Realtor: I am required by law to inform you that the property sits on a pan-dimensional nexus and that there have been alleged reports of non-terrestrial entities in the woods.
Buyer: Urm, thanks. Maybe we should look at the house in “5-miles-away” instead. (Unless their name happens to be Sam or Dean Winchester.)
Oh! I like it!
Obviously the house is sits on a Hellmouth. Or possibly a Rift, depending on whether you like your interdimensional visitations demonic or merely extra terrestrial.
Potential Buyer: I’m really liking this property! I may bulldoze the house, but this is a terrific location, and you can’t beat the price!
Realtor: Well, here’s the second bedroom.
Potential Buyer: And this door leads to a closet?
Realtor: Wait, I wouldn’t —
Realtor: Blast. I’ll never get this commission!
Kate beat me to my answer.
Wormhole to the Delta Quadrant?
Wardrobe to Narnia?
Yeah…. I think I’m sticking with “wormhole to the Delta Quadrant”.
Live long and prosper.
What are the real estate taxes in the Delta Quadrant, and do you have to pay in both locations?
I would pay *extra* for a narnia wardrobe.
Depends on which book we’d go into. 🙂
Nina, what if the Hellmouth and the Delta Quadrant both open into the same space? Then you’d have demons battling aliens in the back yard. (Then all we’d need are some cowboys.)

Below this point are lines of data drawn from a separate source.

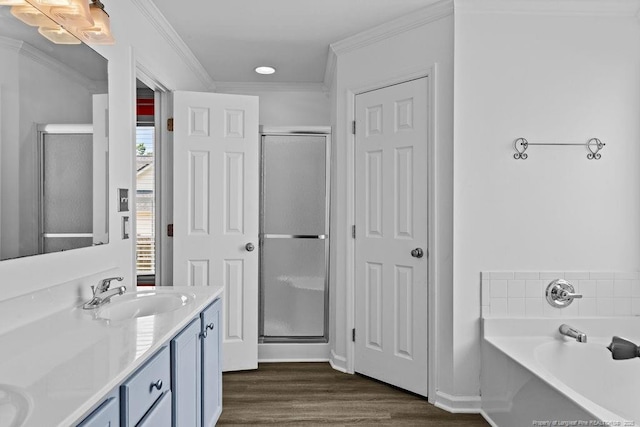 3118 High Plains Dr, Hope Mills, NC 28348 - full bathroom featuring double vanity, a garden tub, wood finished floors, a stall shower, and crown molding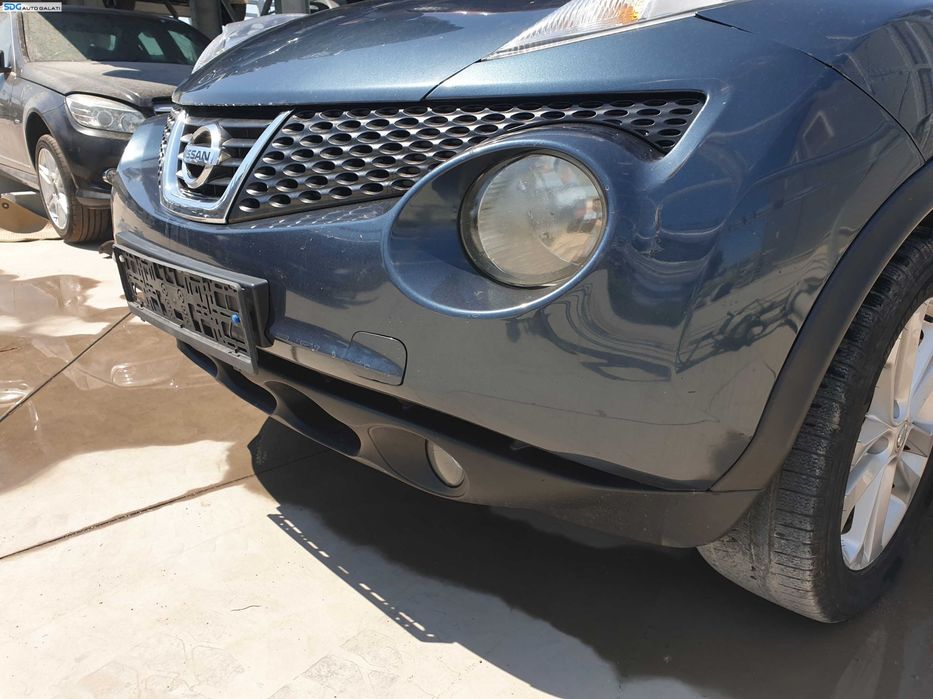 Bara Spoiler Fata cu Proiectoare FARA Grila cu Emblema Nissan Juke F15 NFL Non Facelift 2010 - 2014 Culoare RAQ [K6302]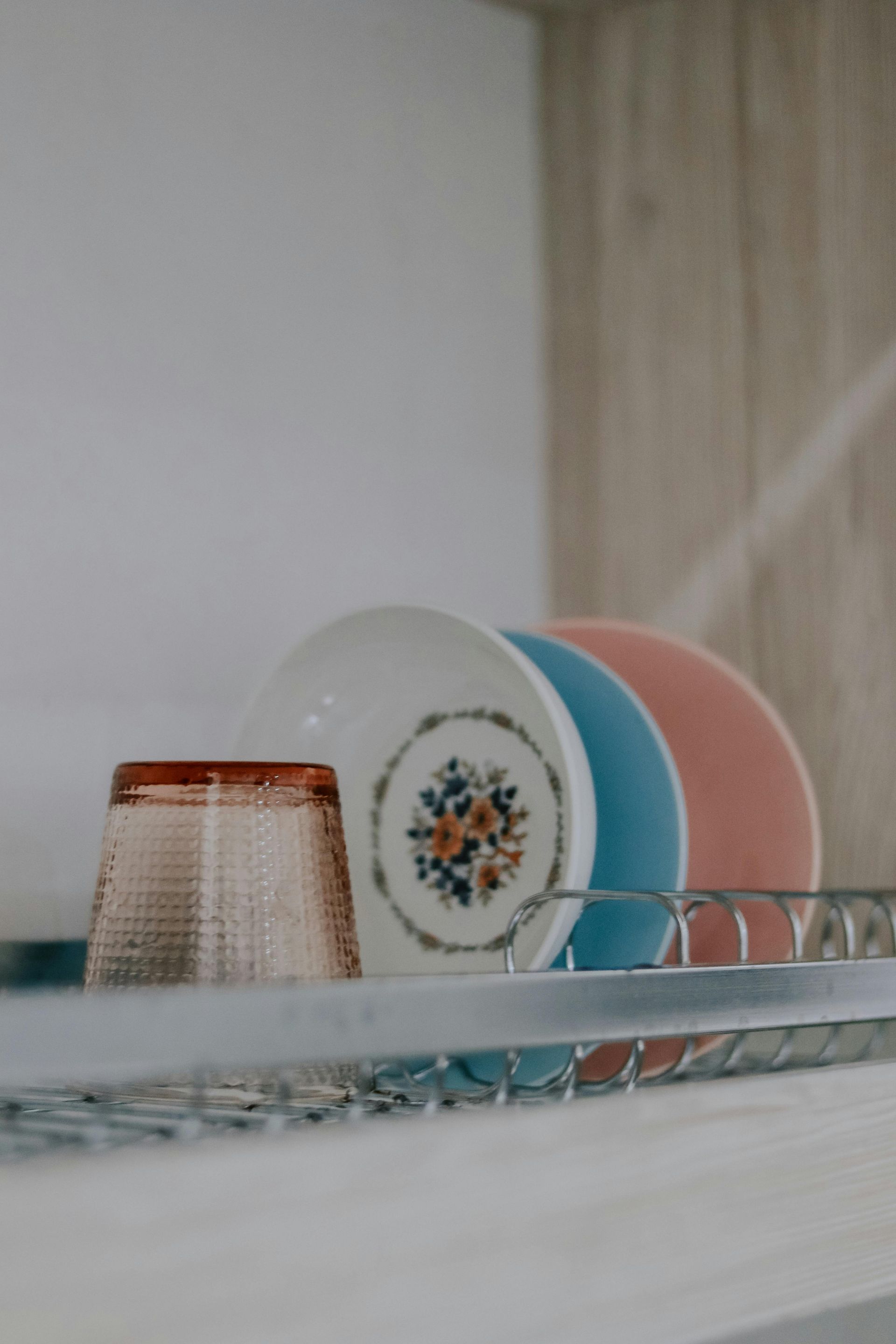 A dish rack holds a glass and a stack of plates. The plates are white with a floral design, blue, and pink.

I’d set up lawn chairs, charge admission and sell popcorn. They’re just not imaginative enough about the possibilities.
Real Estate broker: “I’m required to tell you that this house is infested by Smurfs and the last three owners developed diabetes as well as a bad case of the blues”.
Potential buyer: “Ahhhhhhhhhh!!!!!!!!!!!!!!!”
Hah! I guess that’s why they call it the blues.
Someone from Twitter gave me this link to a house that’s always full of snakes!
(Don’t click if you have an aversion to pictures of snakes, snakes, and more snakes.)
It is obviously the former headquarters of a third political party, now defunct. But the stream of death threats, hate mail and drive by shootings have still not let up.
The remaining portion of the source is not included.